(Records contained in a dataset)
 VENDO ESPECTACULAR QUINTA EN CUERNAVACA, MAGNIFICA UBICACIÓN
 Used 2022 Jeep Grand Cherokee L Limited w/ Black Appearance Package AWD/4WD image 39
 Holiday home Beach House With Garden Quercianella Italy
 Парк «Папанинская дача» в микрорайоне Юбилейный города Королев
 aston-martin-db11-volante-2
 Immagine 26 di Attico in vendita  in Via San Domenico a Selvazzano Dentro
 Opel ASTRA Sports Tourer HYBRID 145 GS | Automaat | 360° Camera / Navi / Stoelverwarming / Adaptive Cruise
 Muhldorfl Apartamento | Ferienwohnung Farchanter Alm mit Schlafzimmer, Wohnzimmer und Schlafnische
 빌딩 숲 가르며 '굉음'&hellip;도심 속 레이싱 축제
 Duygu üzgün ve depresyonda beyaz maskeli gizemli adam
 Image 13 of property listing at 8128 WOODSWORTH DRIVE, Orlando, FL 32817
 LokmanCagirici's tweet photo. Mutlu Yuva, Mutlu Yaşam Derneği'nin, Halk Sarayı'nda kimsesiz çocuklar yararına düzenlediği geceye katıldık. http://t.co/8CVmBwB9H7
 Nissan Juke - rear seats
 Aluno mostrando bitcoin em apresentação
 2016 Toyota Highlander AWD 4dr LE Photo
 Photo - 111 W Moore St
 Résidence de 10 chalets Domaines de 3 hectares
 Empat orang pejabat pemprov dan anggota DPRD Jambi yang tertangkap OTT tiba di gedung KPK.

Task to carry out:
What you give back must be the stretch above, starting at the line with "빌딩 숲 가르며 '굉음'&hellip;도심 속 레이싱 축제" and ending at the line with "Résidence de 10", copied exactly.

Response for this exercise:
 빌딩 숲 가르며 '굉음'&hellip;도심 속 레이싱 축제
 Duygu üzgün ve depresyonda beyaz maskeli gizemli adam
 Image 13 of property listing at 8128 WOODSWORTH DRIVE, Orlando, FL 32817
 LokmanCagirici's tweet photo. Mutlu Yuva, Mutlu Yaşam Derneği'nin, Halk Sarayı'nda kimsesiz çocuklar yararına düzenlediği geceye katıldık. http://t.co/8CVmBwB9H7
 Nissan Juke - rear seats
 Aluno mostrando bitcoin em apresentação
 2016 Toyota Highlander AWD 4dr LE Photo
 Photo - 111 W Moore St
 Résidence de 10 chalets Domaines de 3 hectares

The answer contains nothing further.